Research on animals is important in understanding diseases and developing ways to prevent them. The polio vaccine, kidney transplants, and heart surgery techniques have all been developed with the help of animal research. Through increased efforts by the scientific community, effective treatments for diabetes, diphtheria, and other diseases have been developed with animal testing.

Animal research has brought a dramatic progress into medicine. With the help of animal research, smallpox has been wiped out worldwide. Micro-surgery to reattach hearts, lungs, and other transplants are all possible because of animal research. Since the turn of the century, animal research has helped increase our life-span by nearly 28 years.

And now, animal research is leading to dramatic progress against AIDS and Alzheimer s disease.

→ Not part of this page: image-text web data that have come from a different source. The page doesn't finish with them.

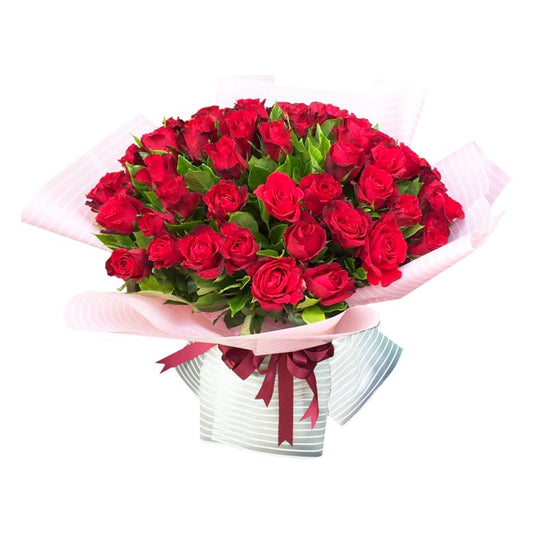 Stunning bouquet: 48 red roses in Korean striped wrap with satin ribbon - epitome of elegance and romance - flower delivery to Marikina Shoe Museum and Marikina Sports Center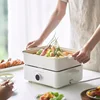 220V Multi-functional Cooking Pot Household 4.5L Roast Meat Hotpot Shabu Shabu All-in-one Pot Frying Electric Hotpot 4
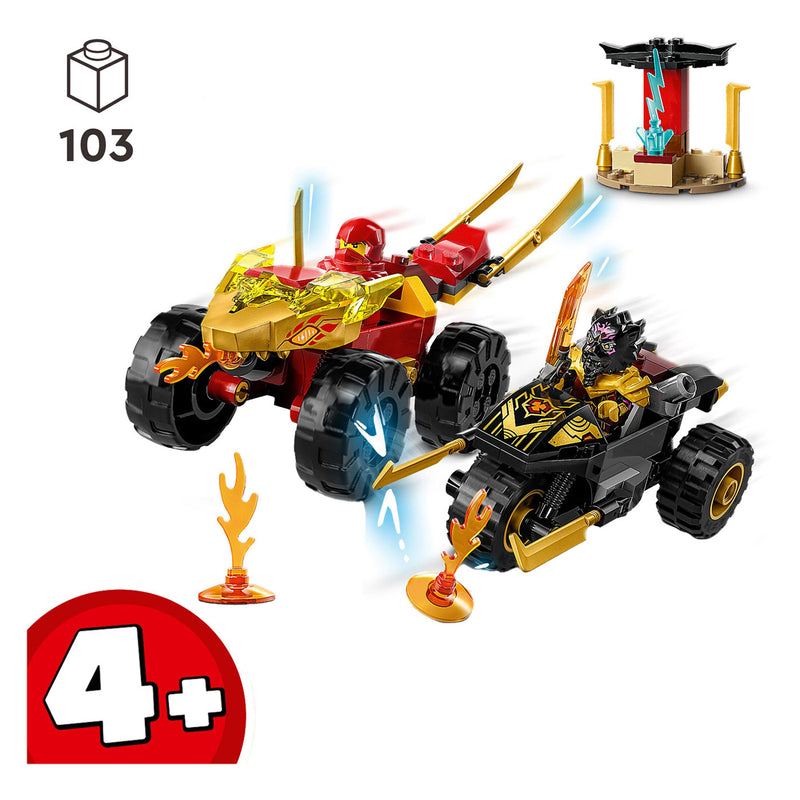 Afbeelding laden in galerijviewer, Lego LEGO Ninjago 71789 Kai en Ras' Duel Tussen Auto en Motor
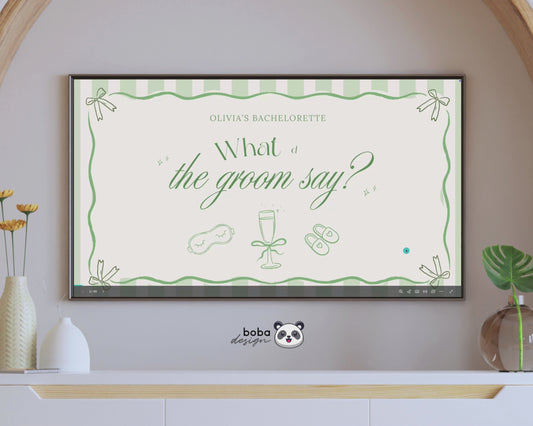 Green PJs and Prosecco What Did the Groom Say Game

Working with animals in research is necessary. Scientists need to test medical treatments for effectiveness and test new drugs for safety before beginning human testing. Small animals, usually rats, are used to determine the possible side effects of new drugs. After animal tests have proven the safety of new drugs, patients asked to participate in further studies can be assured that they may fare better, and will not do worse than if they were given standard treatment or no treatment. New surgical techniques first must be carefully developed and tested in living, breathing, whole organ systems with systems much like ours. The doctors who perform today s surgeries, as well as doctors in training, must develop the necessary skills before patients lives are entrusted to their care. Neither computer models, cell cultures, nor artificial substances can simulate flesh, muscle, blood, and organs like the ones in live animals.

There is no alternative to animal research. Living systems are complex. The nervous system, blood and brain chemistry, and gland secretions are all interrelated. It is impossible to explore, explain or predict the course of many diseases or the effects of many treatments without observing and testing the entire living system.

Cell and tissue cultures, often suggested as alternatives to using animals, have been used in medical research for many years. But these are only isolated tests. And isolated tests will give only isolated results, which may have little relation to a whole living system.

I believe in animal research and support organizations such as AMA and AMP with their cause. I think it is necessary to test drugs and vaccines on animals before we attempt them on humans. Because of that I disagree completely with animal rights groups and their aspect. If they don t want to test things on animals then they should be volunteering for those experimental drugs to be injected into their bodies with the risk of death.